Wind turbines on the Kumayaay Indian reservation in southern California.
The Global Wind Energy Council has
released results of its survey of wind energy installed across the planet in 2014, and it's impressive: 51.5 gigawatts for a worldwide total of 369 gigawatts. In 2013, global installations of wind totaled 35 GW.
In the United States, 4.9 GW were installed in 2014, a big step up from the 1.1 GW installed in 2013, but well below the record of 13.2 GW installed in the United States in 2012. The U.S. total is now 65.9 GW. That's more than the Department of Energy forecast in 2005 that the United States would have installed by 2030.
At the top of the heap for installed wind turbines in 2014 was China, with 24.4 GW added. The European Union and rest of Europe installed 12.8 GW. Germany led there with 5.2 GW.
While wind still constitutes a very small fraction of the world's installed electricity-generating capacity, analysts are forecasting that this continued growth means wind turbines could constitute good portion of the planet's total capacity by 2030. In its "advanced" scenario, for instance, GWEC's Global World Energy Outlook calculates that there could be 2,000 GW of wind power installed by 2030, providing 19 percent of the world's electricity. By 2050, the estimate is 25-30 percent. But when you start forecasting possibilities three and more decades away, there are of necessity many caveats.
Dave Appleyard writes:
The more realistic, business as usual, “moderate” forecast sees an annual market size topping 65 GW by 2020 for a total installed capacity of 712 GW by then. Robust growth is anticipated in the period after 2020, with annual markets exceeding 85 GW by 2030 and bringing total installed capacity up to nearly 1500 GW by the end of that decade.
In terms of the volume of electricity produced by wind power, the GWEO “moderate” scenario envisages a large contribution from wind, some 1750 TWh in 2020, rising to almost 3900 TWh in 2030. In this case wind power would meet between 7.2 percent and 7.8 percent of global electrical demand in 2020, and between 12.9 percent and 14.5 percent by 2030. The report notes that while this is quite a substantial contribution, it is nonetheless “probably not in line with what would be required to meet agreed climate protection goals.”

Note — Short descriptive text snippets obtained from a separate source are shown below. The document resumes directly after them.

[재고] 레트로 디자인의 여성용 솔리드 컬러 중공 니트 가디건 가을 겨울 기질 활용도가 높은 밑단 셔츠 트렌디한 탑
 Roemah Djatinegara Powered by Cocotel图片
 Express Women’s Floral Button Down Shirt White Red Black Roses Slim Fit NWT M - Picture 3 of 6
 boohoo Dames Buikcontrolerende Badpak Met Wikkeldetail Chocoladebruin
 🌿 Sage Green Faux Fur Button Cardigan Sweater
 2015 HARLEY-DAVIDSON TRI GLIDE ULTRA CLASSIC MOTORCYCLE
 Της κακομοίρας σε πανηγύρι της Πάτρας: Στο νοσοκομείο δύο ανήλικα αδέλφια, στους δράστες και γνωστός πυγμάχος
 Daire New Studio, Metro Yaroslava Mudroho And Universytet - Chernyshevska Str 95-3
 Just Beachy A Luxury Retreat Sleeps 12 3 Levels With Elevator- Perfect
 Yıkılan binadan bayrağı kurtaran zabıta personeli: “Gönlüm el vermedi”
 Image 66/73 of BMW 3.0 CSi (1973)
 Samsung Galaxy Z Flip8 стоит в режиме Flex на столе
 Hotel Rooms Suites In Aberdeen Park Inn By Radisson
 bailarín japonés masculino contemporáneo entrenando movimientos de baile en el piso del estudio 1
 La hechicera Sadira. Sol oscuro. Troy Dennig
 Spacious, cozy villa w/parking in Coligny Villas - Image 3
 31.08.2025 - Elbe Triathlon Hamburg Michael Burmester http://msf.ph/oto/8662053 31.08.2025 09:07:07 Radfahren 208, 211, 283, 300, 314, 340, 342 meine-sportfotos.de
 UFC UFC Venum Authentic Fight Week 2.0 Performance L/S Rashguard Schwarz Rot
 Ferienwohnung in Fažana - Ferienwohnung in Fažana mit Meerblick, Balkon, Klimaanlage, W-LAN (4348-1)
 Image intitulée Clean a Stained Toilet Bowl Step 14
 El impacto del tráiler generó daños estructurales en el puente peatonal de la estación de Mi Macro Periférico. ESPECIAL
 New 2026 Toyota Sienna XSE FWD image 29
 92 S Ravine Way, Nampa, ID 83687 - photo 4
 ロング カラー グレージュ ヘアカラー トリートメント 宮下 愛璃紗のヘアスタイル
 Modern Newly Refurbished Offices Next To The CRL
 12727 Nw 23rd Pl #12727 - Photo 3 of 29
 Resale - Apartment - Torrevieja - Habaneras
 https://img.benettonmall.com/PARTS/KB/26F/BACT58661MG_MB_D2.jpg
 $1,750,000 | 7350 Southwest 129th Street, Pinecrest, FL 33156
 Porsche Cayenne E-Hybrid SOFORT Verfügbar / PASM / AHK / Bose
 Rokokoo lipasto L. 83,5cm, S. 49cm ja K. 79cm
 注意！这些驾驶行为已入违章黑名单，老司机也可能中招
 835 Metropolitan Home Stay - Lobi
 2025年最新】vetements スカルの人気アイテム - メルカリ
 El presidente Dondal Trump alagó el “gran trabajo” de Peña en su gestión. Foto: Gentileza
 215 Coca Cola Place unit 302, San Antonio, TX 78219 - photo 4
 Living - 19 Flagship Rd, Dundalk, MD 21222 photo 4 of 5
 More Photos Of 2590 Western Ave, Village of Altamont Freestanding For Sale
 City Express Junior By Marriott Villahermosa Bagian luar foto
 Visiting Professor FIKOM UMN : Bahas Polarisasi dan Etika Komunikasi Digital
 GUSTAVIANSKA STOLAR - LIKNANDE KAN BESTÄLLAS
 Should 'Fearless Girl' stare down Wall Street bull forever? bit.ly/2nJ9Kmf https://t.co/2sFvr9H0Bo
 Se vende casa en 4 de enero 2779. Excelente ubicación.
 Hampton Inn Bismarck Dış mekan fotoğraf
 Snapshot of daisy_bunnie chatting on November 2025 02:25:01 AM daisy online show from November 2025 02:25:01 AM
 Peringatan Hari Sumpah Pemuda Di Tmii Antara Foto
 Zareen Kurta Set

There's more analysis below the fold.
There are obstacles and potential ones to maximizing this growth. Some analysts view the drop in oil prices as a drawback for expanding the capacity of wind, solar and other renewable sources of energy. Others say the fall provides an opportunity. Appleyard again:
Sven Teske, Greenpeace senior energy expert and one of the principal authors of the report, contends that the forecasts are robust even in the face of wider energy market volatility, such as the dramatic drop in oil prices that has seen oil fall to below $50 a barrel. “I do not think the current low oil price will have an effect on the global wind market,” he said, explaining: “as oil is for transport, approximately 80 percent [of global demand] and wind generates power.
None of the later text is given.